We stumbled upon an interesting e-commerce website - Bellroy, who specializes in slim leather wallets. We did spend a good few minutes on the website, and immediately impressed by the quality of the website layout and content.
We did spend a good few minutes on the website, and immediately impressed by the quality of the website layout and content.
The more time we spend on the website, the more we think this is a post-worthy (we only write and share one article on weekly basis).
Moreover, the whole user experience on the website is so good that you might forget about owning a Louis Vuitton and get a Bellroy wallet instead!
#1. Solve your customers problem
It is not a surprise that many website owners or stakeholders always wanted to have the website designed to their own preference (or benchmarking competitors), without much considerations on their own user experience.
Bellroy demonstrates a perfect example on how website should be designed, by mainly highlighting how your product or service can help solve your potential customer's problem.
Just go and navigate around Bellroy website, it is mostly about the problem statement, not promotions or how much discount they are giving.

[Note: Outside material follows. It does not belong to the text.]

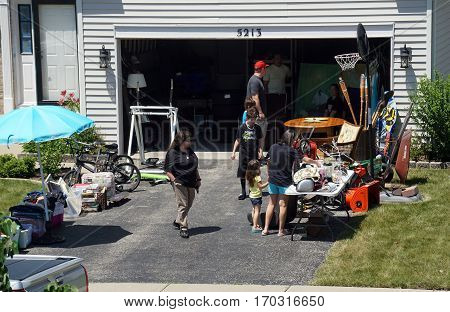 JOLIET, ILLINOIS / UNITED STATES - JUNE 17, 2016: People shop at a garage sale in the Wesmere Estates neighborhood of the Wesmere Country Club in Joliet.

#2. Demonstrate your product via video
Visit any Bellroy product pages (for example this one) and the key / default visual is not an image, but a video instead, a nicely done one.

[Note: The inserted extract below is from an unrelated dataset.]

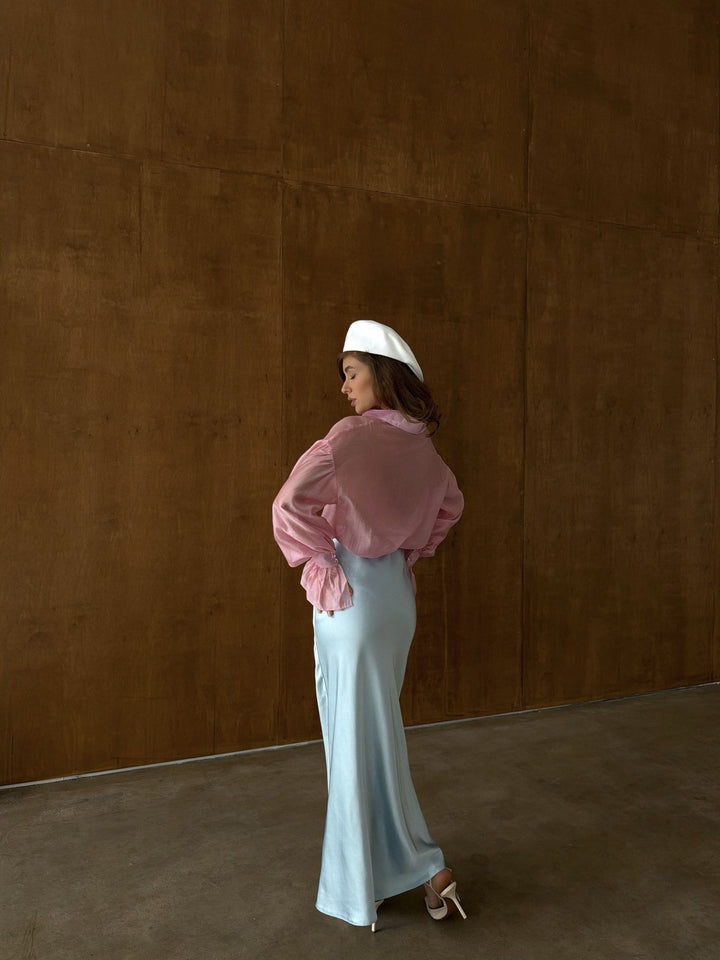 Lower body detail of ice blue satin midi skirt showing the mid-section drape from the elastic waist through the hip area to below the knee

Again, it is a video on how their product can solve a problem, or more precisely how their wallet can make your life better, or looks cool.
Some e-commerce websites are including video in the product description, but perhaps worth reconsidering whether can the video capture user's attention (if they scroll down the page)?

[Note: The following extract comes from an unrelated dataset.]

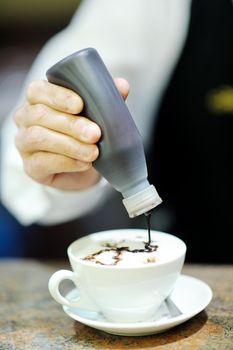 Barista prepares cappuccino in his coffee shop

#3. Visualize your product application & size
This is very similar to what we have shared earlier on 8 e-commerce tips you can learn from TV shopping.
As shown in the picture above, Bellroy demonstrates a good example of product application or usage, on how many dollar notes and cards can fit into the wallet.
Put yourself in your customers shoes, will you be able to imagine how big is the product by just displaying the dimension or measurement?
Again, Bellroy provides a good example on relative comparison, on how big is the wallet comparing to an iPhone (or something else) side by side.
#4. Speak the user language
It is an easy way to structure your website menu by breaking down into product categories. However, have you ever considered how an ordinary user would browse your website, not how you wanted to "breakdown" the products?
Just refer to the screen capture above on Bellroy's menu bar, there are "For Everyday (cash, cards & more)", "For Phone (covers for your phone)", "For Travel (passports & boarding passes)", "For Outdoors (protection from the elements)".
Your website visitors do not understand your products as much as you do, so start speaking their language instead.
#5. Know where is your customer location
Let's face the fact that not all your website visitors are ready to buy online so how they can locate you "offline"?
It is typical that when you visit any other retailer's website, you have to select the state / area to filter the results in the store locator page.
Why not making use of the technology, by automatically showing and sort the stores which are located nearest to the user's current location?
The beauty of doing an online business is that you are able to leverage on technology, to understand more about your visitors, and provide GREAT convenience to them!